■ **Exercise**: With the pictures left out, reproduce exactly the lines from the one containing "Cupra Formentor 1.5" through the final line of the entries.

Entries shown section start

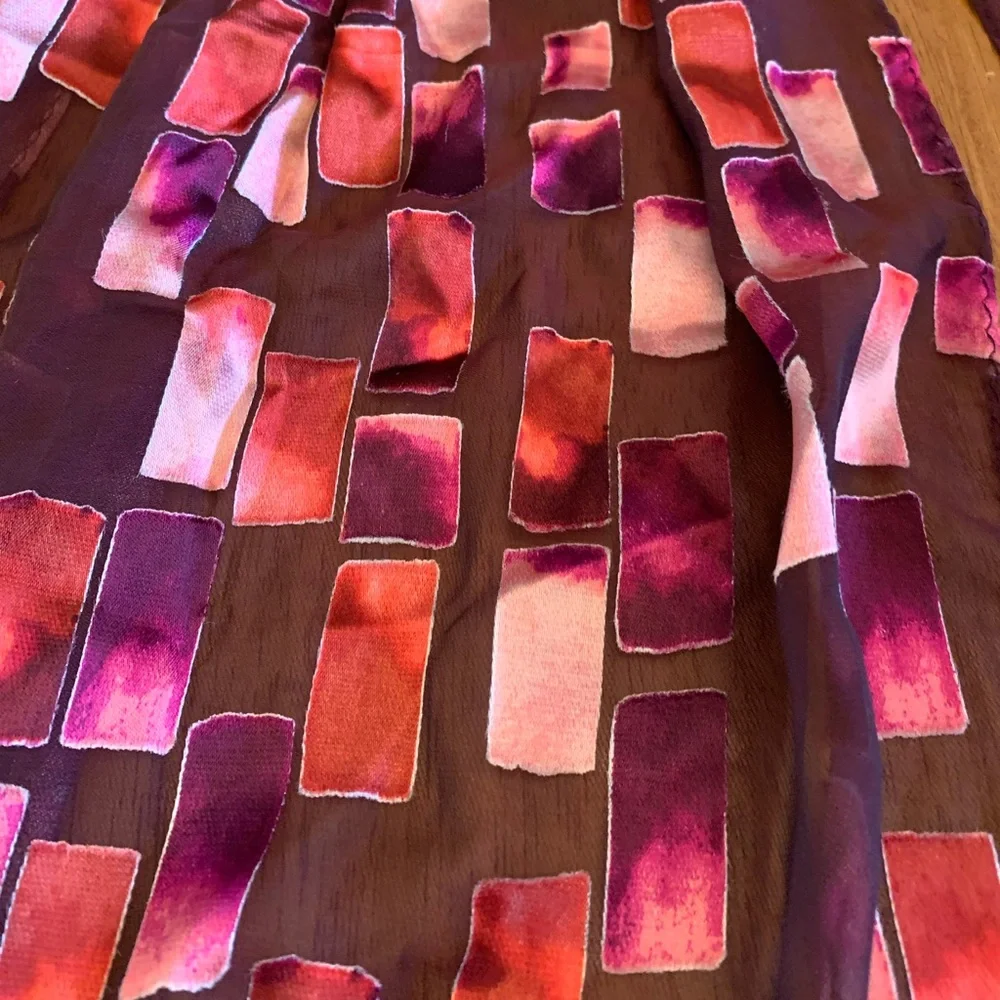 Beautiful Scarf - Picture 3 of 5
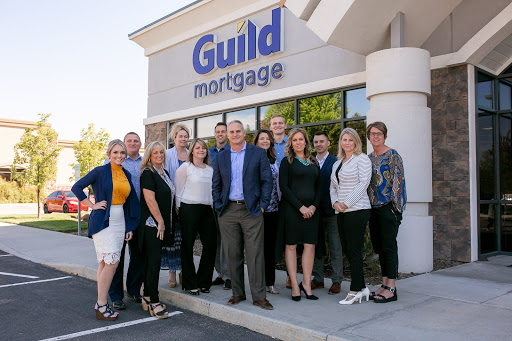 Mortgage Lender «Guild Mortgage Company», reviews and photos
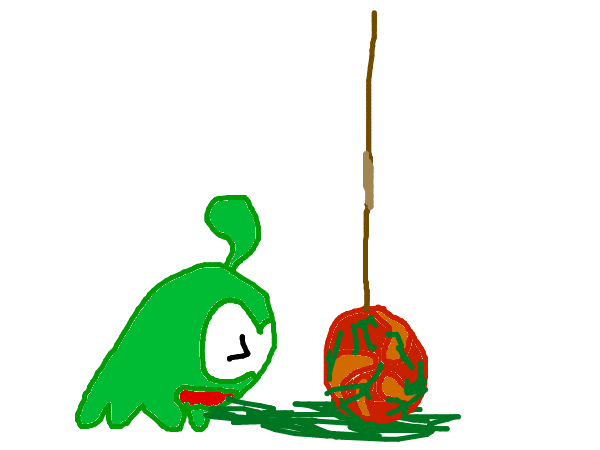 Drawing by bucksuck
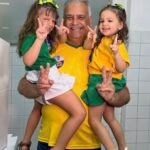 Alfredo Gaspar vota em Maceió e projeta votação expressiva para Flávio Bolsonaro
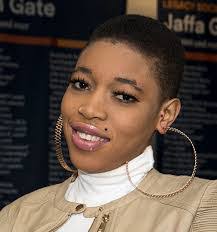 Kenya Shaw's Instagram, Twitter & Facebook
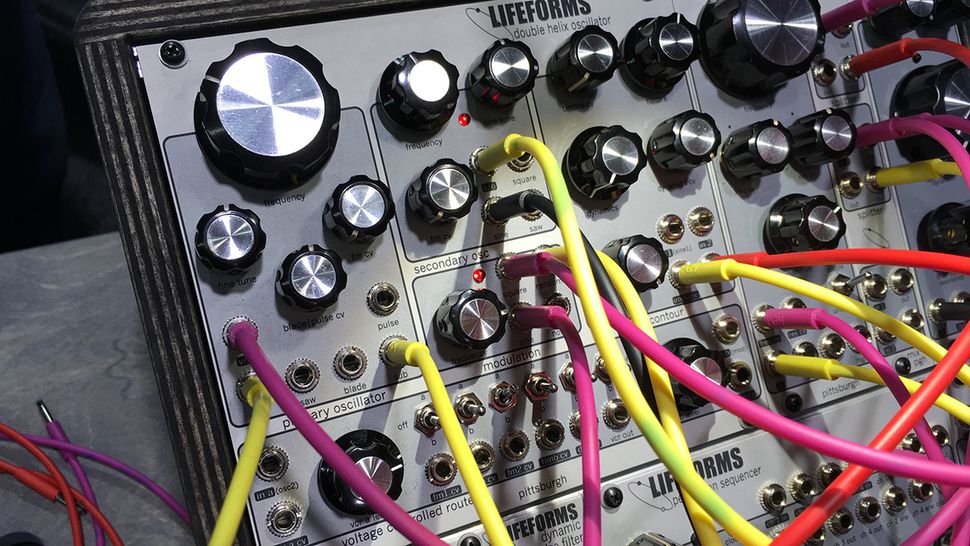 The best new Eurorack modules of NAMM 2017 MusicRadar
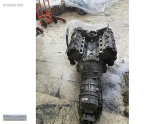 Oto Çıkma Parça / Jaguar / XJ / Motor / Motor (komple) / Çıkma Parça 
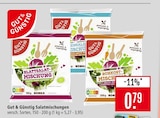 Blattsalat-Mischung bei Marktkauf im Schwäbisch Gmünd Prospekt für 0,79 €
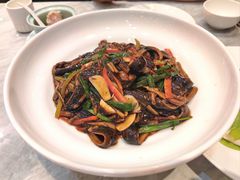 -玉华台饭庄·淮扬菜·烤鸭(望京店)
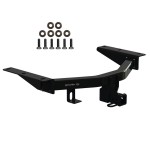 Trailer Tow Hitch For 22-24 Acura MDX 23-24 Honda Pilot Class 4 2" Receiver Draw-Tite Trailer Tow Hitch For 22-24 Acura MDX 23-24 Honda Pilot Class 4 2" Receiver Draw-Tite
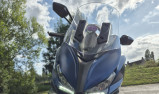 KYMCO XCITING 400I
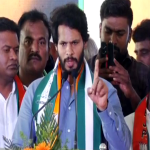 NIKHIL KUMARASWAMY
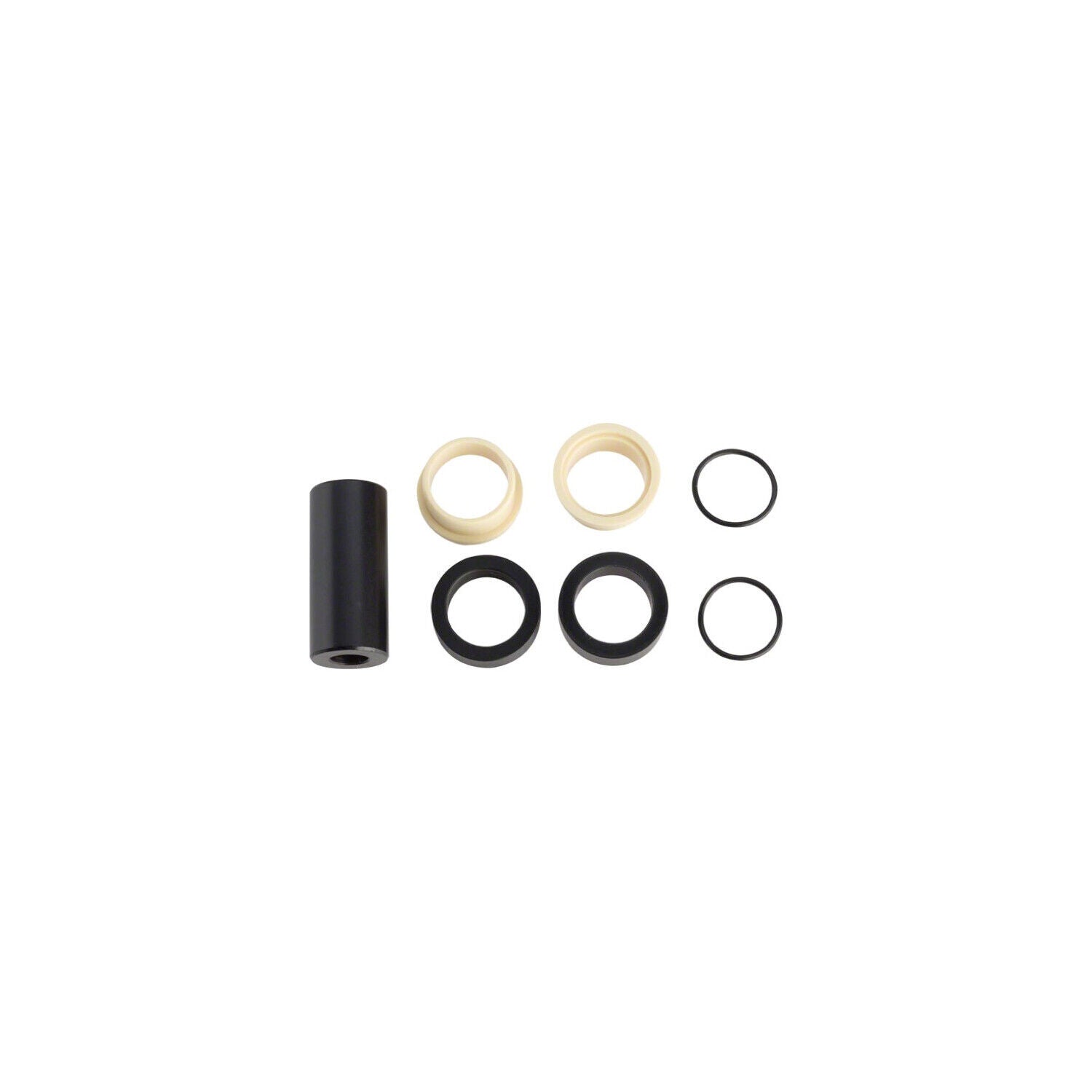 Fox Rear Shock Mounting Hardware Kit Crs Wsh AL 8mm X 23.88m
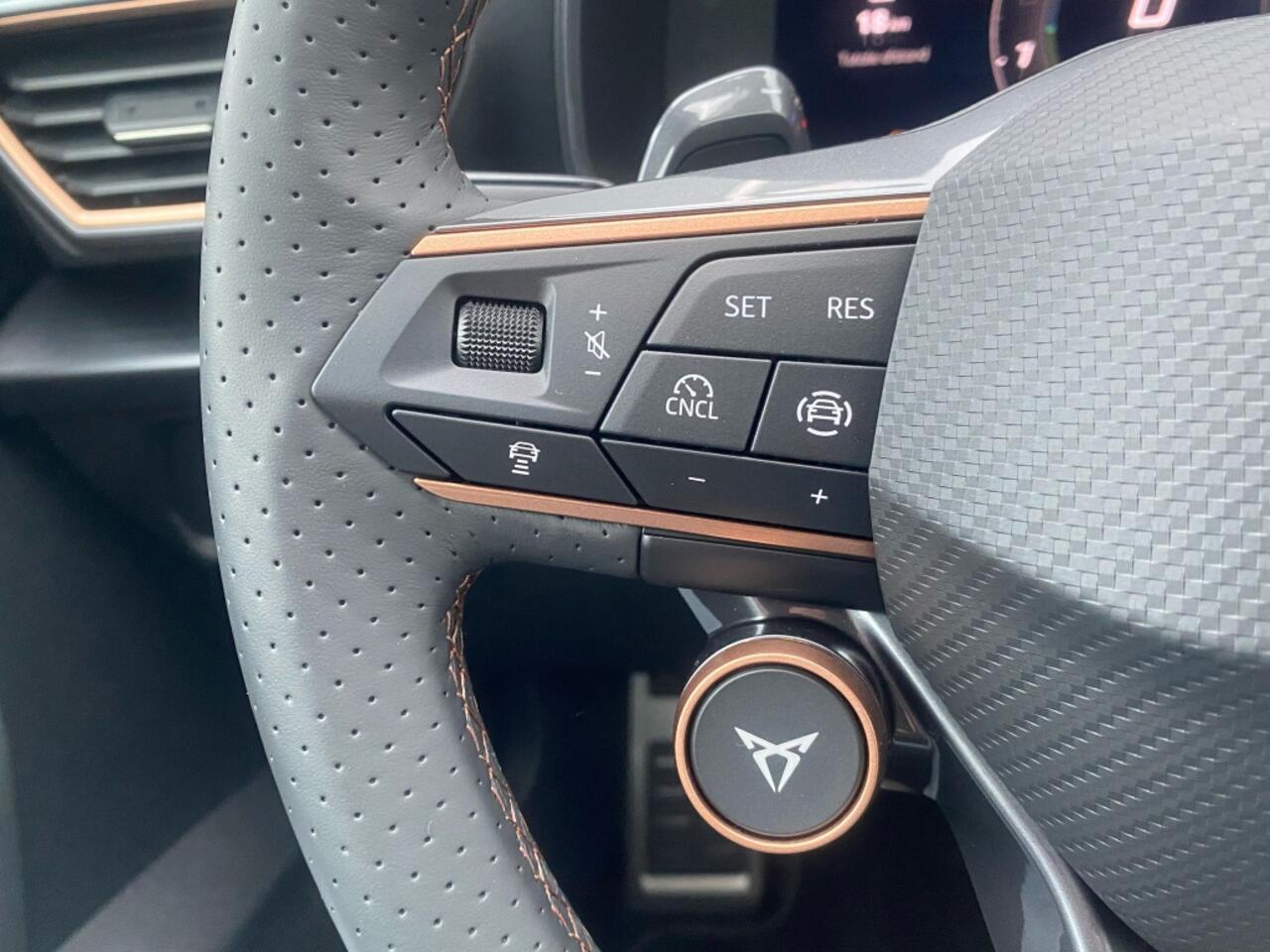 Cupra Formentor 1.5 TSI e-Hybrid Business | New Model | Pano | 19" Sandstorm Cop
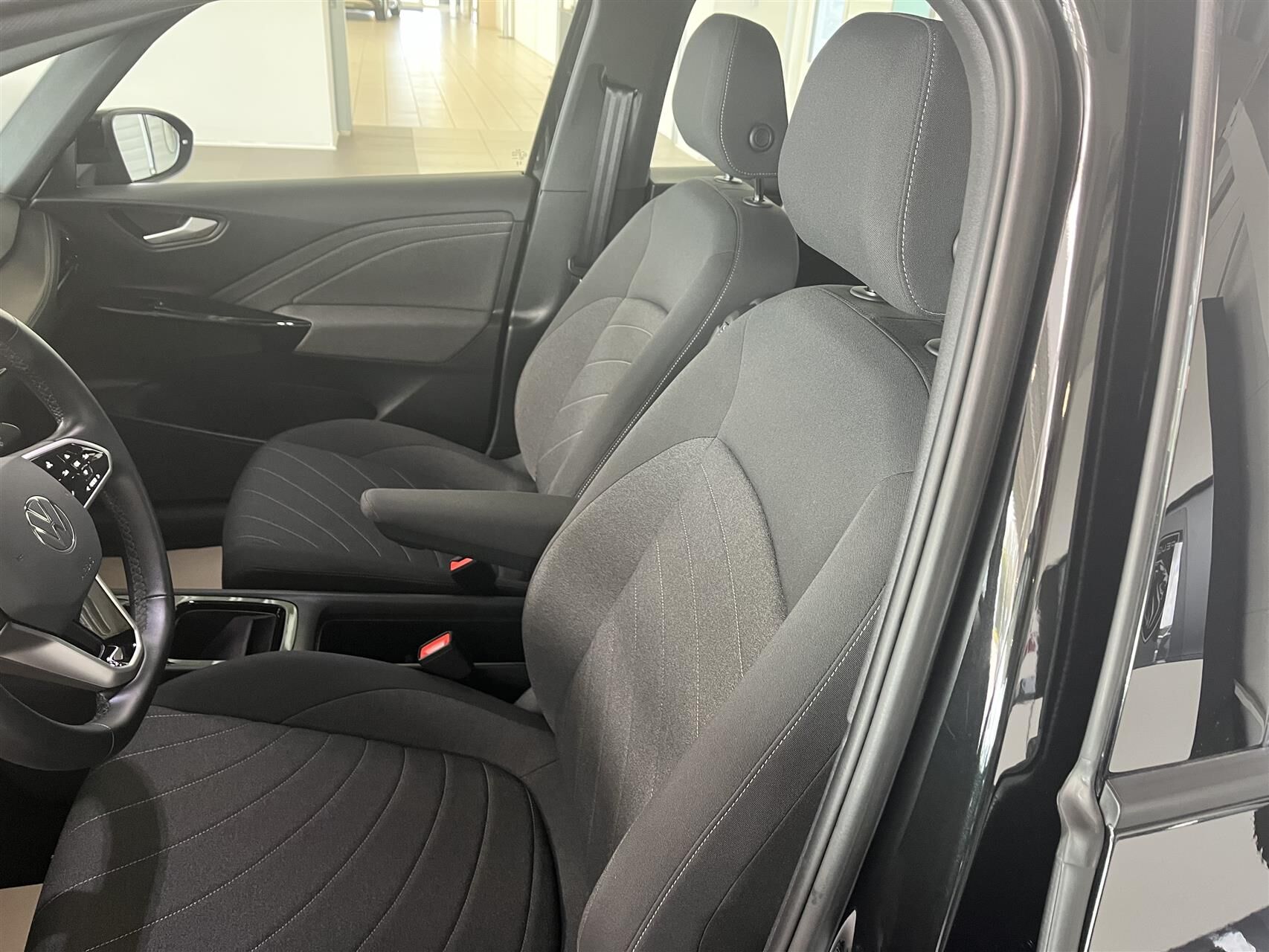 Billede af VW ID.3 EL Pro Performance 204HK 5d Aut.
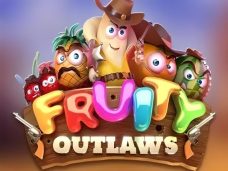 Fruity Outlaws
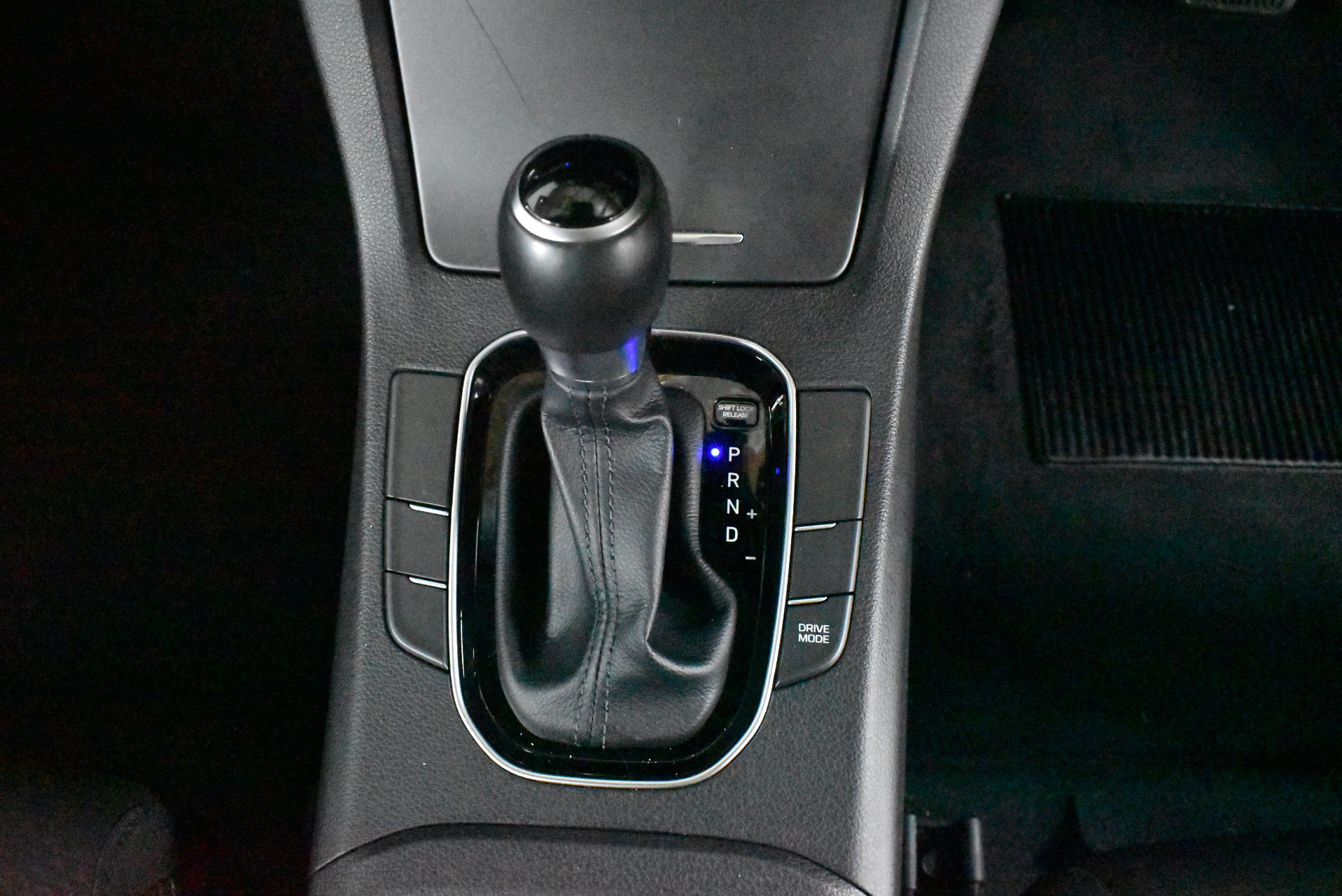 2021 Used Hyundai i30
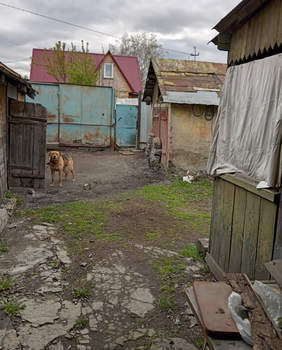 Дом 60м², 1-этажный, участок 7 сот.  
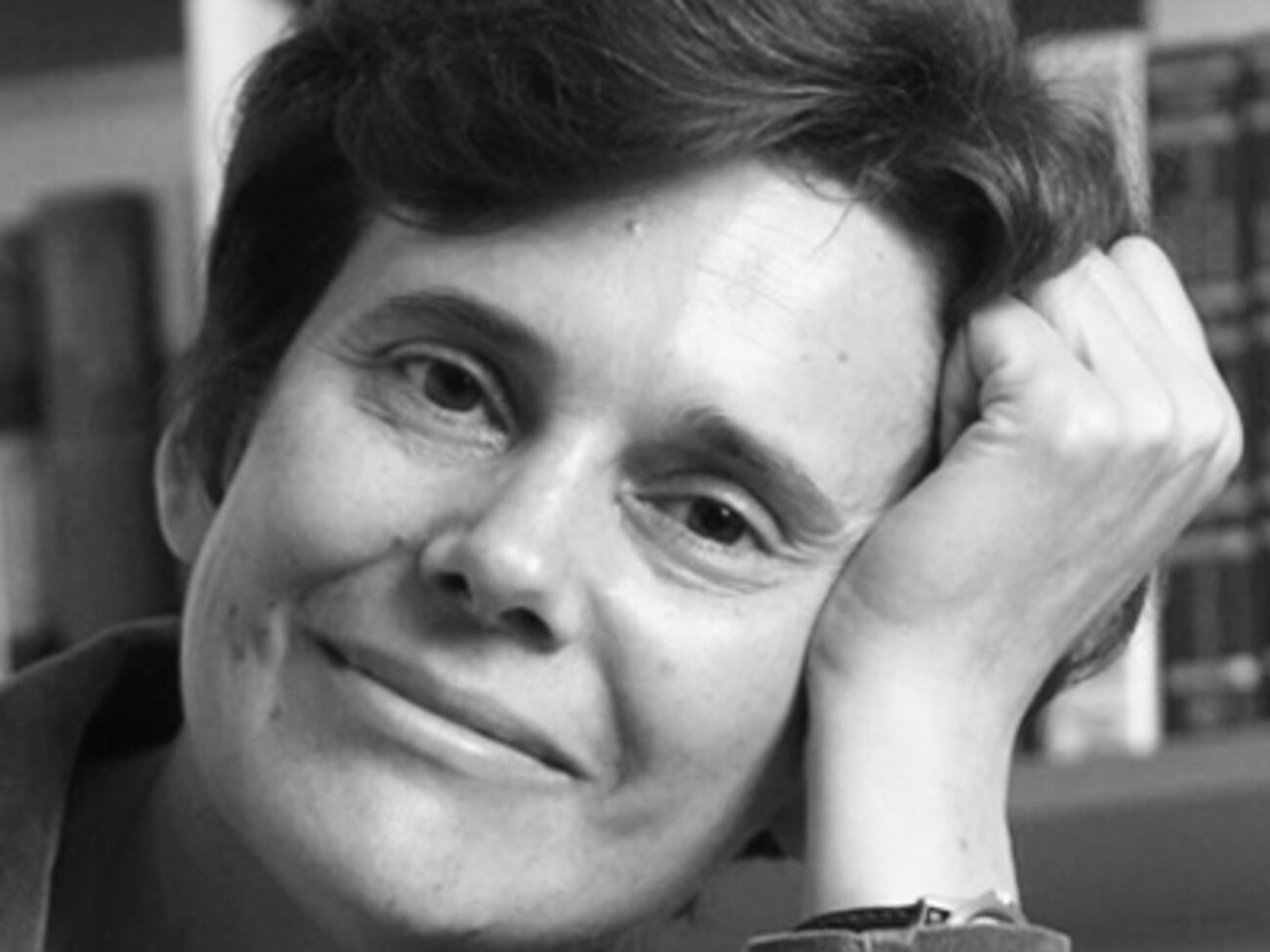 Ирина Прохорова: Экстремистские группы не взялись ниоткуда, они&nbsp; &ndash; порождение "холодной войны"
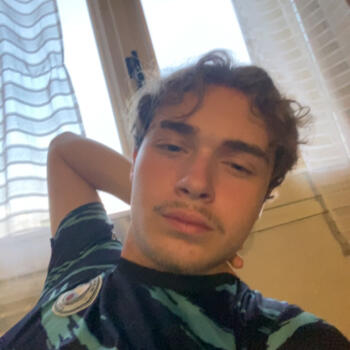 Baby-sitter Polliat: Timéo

Entries shown section end

■ **Written solution**:
 Cupra Formentor 1.5 TSI e-Hybrid Business | New Model | Pano | 19" Sandstorm Cop
 Billede af VW ID.3 EL Pro Performance 204HK 5d Aut.
 Fruity Outlaws
 2021 Used Hyundai i30
 Дом 60м², 1-этажный, участок 7 сот.  
 Ирина Прохорова: Экстремистские группы не взялись ниоткуда, они&nbsp; &ndash; порождение "холодной войны"
 Baby-sitter Polliat: Timéo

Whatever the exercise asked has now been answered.